• _Work to be completed_
In the listing, find every line that has the string "silence" and copy it.

###

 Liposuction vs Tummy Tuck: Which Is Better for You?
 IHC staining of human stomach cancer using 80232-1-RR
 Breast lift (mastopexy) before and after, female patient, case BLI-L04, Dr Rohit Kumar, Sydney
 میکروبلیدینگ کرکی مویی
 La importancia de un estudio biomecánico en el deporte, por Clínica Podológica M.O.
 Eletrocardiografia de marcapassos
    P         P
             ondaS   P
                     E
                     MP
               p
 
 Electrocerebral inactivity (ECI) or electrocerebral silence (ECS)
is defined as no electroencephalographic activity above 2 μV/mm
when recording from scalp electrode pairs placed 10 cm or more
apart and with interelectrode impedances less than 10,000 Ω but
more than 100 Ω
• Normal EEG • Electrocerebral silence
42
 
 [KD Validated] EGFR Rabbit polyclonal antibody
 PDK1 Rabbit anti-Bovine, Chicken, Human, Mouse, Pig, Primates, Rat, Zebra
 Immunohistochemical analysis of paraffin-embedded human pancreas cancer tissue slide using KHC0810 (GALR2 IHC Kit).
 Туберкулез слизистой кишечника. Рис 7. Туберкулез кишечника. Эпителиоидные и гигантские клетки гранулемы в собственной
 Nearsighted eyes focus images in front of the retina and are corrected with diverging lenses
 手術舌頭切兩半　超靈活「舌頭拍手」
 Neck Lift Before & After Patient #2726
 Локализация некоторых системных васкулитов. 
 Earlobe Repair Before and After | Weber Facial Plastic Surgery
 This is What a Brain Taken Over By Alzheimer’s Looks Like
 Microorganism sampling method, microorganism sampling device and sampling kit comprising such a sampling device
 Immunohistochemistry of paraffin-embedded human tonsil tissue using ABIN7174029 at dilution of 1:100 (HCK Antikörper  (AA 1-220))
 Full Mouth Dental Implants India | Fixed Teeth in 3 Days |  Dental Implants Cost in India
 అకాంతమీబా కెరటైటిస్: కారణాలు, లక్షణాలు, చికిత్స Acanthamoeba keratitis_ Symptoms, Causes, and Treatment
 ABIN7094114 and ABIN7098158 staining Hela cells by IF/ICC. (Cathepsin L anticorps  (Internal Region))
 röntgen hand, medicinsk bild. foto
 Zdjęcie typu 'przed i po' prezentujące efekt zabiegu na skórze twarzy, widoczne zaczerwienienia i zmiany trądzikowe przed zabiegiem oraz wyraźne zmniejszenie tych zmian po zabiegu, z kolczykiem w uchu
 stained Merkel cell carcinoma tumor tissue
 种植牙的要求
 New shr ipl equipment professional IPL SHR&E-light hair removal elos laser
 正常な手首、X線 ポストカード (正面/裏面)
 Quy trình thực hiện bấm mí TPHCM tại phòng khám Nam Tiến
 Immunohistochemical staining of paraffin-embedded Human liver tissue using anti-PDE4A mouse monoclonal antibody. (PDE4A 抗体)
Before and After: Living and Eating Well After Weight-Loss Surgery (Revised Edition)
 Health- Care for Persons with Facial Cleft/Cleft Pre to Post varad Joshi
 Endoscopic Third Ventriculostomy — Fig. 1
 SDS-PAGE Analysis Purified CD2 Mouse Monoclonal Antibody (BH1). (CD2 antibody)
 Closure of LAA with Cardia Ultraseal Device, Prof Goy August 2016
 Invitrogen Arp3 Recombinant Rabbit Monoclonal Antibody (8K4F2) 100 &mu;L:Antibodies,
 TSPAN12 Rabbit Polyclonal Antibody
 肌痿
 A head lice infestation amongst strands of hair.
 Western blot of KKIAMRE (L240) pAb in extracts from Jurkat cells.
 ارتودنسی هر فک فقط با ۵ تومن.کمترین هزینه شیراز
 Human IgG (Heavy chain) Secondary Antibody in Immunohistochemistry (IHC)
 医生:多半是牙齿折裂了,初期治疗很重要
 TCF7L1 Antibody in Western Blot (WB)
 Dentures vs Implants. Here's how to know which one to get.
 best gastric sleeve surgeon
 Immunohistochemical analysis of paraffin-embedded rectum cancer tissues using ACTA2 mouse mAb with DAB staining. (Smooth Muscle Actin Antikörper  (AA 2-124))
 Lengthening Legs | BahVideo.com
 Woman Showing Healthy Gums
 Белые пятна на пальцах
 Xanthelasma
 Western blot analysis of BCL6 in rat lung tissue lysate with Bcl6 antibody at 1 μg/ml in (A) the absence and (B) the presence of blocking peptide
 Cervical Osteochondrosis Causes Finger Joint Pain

###

• _Finished task_
 Electrocerebral inactivity (ECI) or electrocerebral silence (ECS)
• Normal EEG • Electrocerebral silence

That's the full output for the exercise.